─── Material for this exercise ───

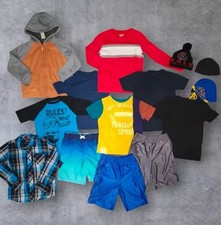 Boys Clothes Lot Size 6/7 T-shirts Shorts Jeans Hoodies Sweaters Hats 14 Pieces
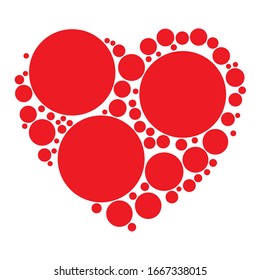 Dots, dotted, speckled heart element. Heart made of circles. Clip-art for love, affection, marriage heart-health concepts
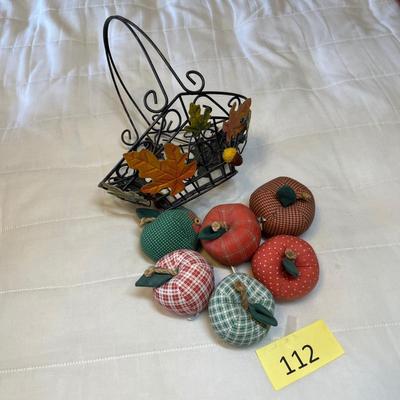 Wire basket with cloth apples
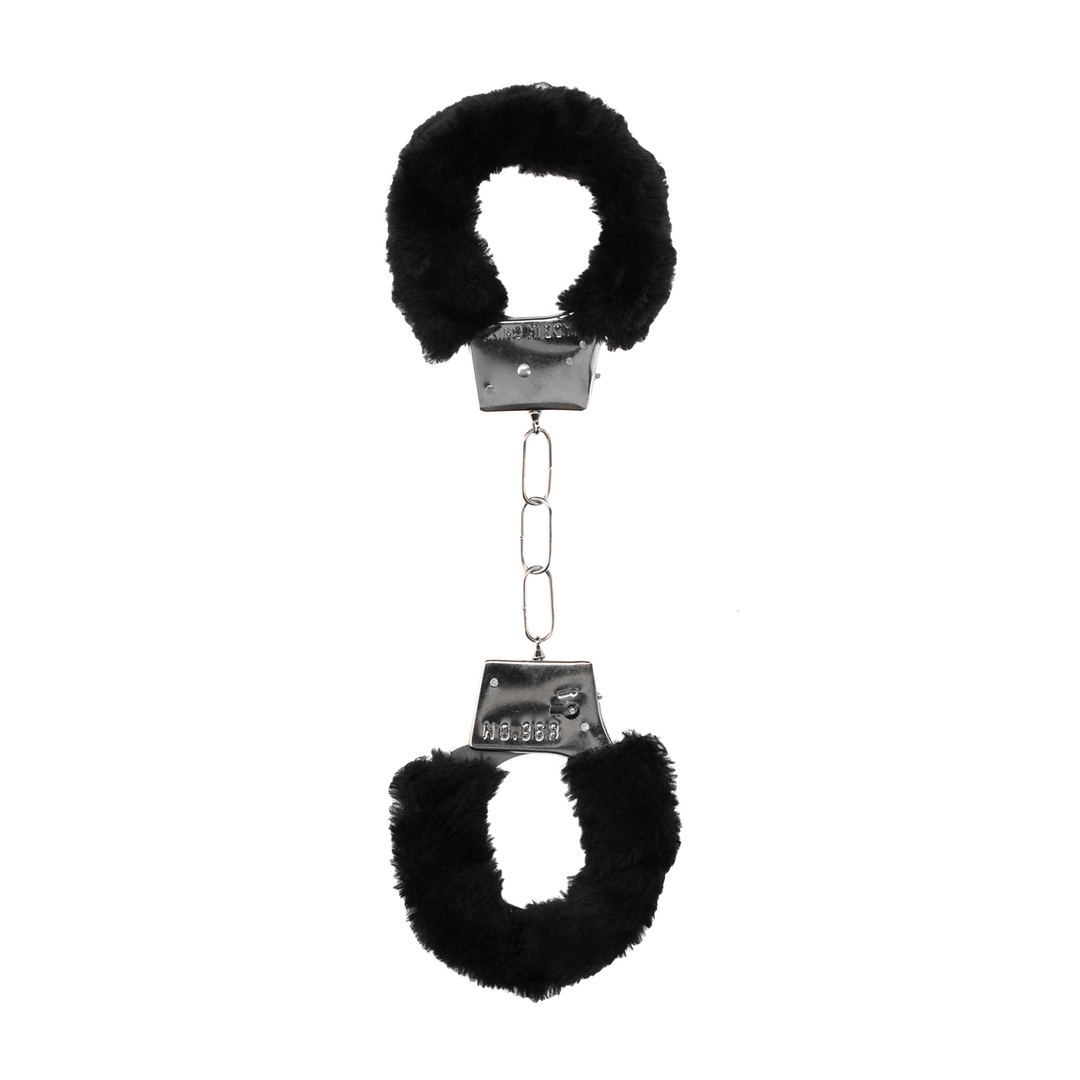 Ouch! Beginner's Handcuffs Furry · plyšová pouta pro začátečníky · černá
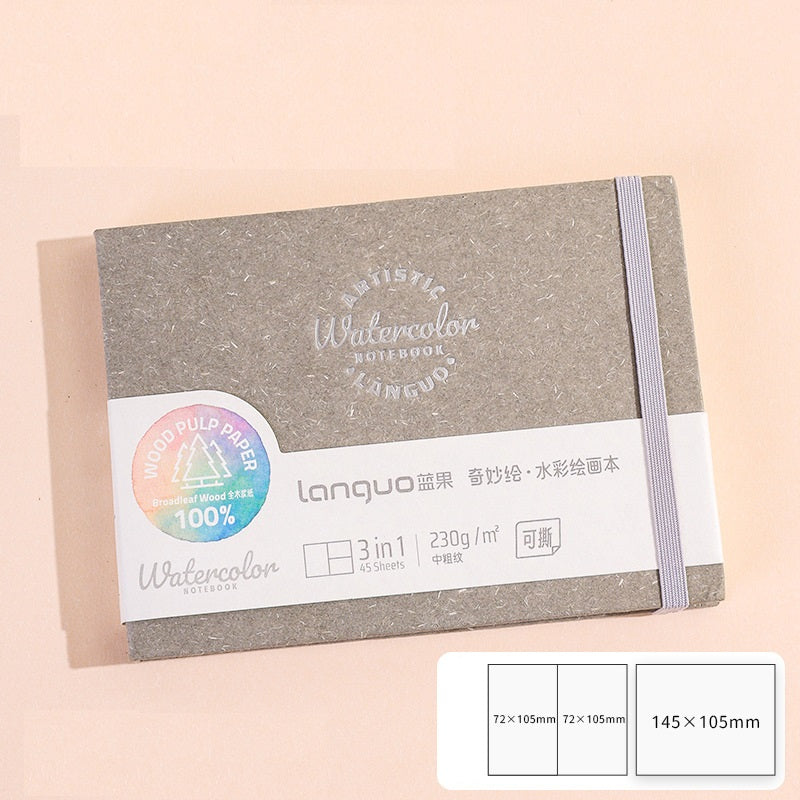 Languo Watercolor Sketchbook Set of 4 — 230gsm Cold Press, Mini Portable Painting Journals (4 Sizes)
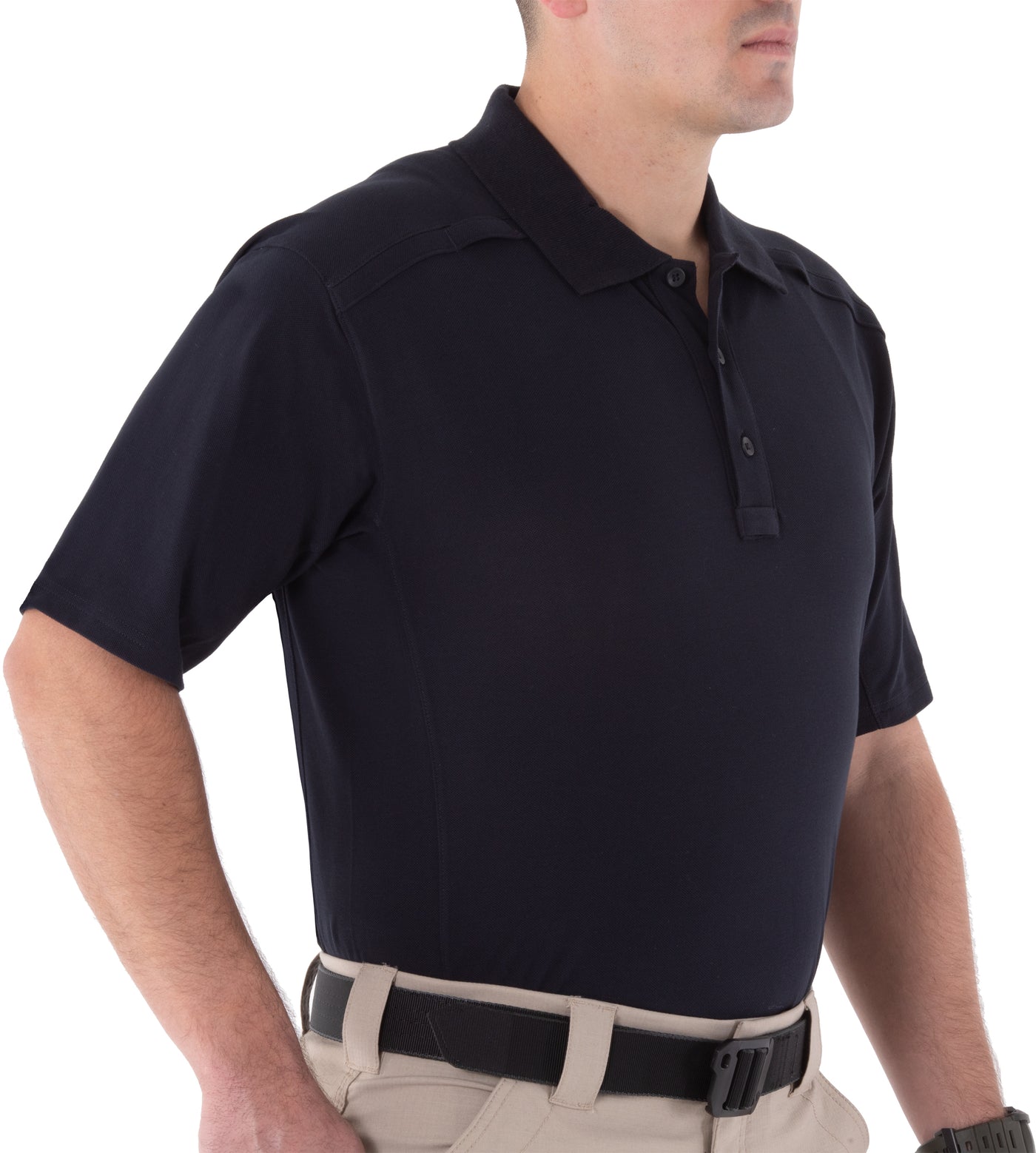 Front of Men's Cotton Short Sleeve Polo in Midnight Navy
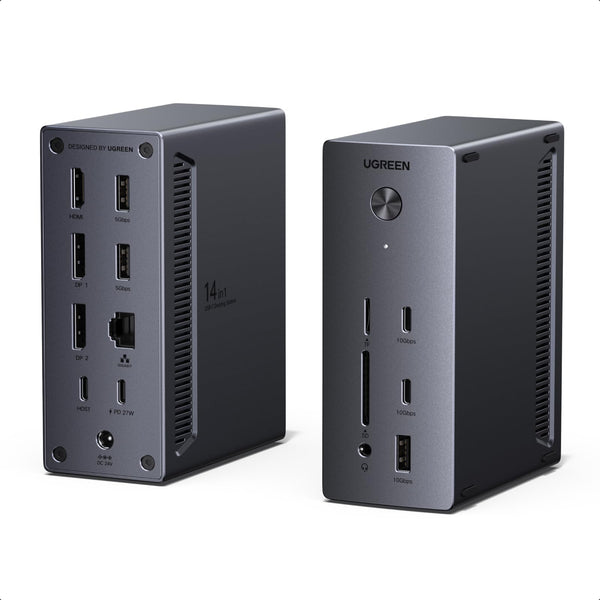 UGREEN Docking Station, Triple 4K Display (2x DP+ HDMI), 14-Port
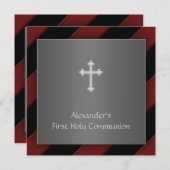 Black Red Stripe Boy First Communion Invitation (Devant / Derrière)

───

Try it: Set down exactly the lines of the entries above from the one holding "Wire basket with cloth apples" through the last one, including both, with the pictures left out.

Answer to this exercise:
 Wire basket with cloth apples
 Ouch! Beginner's Handcuffs Furry · plyšová pouta pro začátečníky · černá
 Languo Watercolor Sketchbook Set of 4 — 230gsm Cold Press, Mini Portable Painting Journals (4 Sizes)
 Front of Men's Cotton Short Sleeve Polo in Midnight Navy
 UGREEN Docking Station, Triple 4K Display (2x DP+ HDMI), 14-Port
 Black Red Stripe Boy First Communion Invitation (Devant / Derrière)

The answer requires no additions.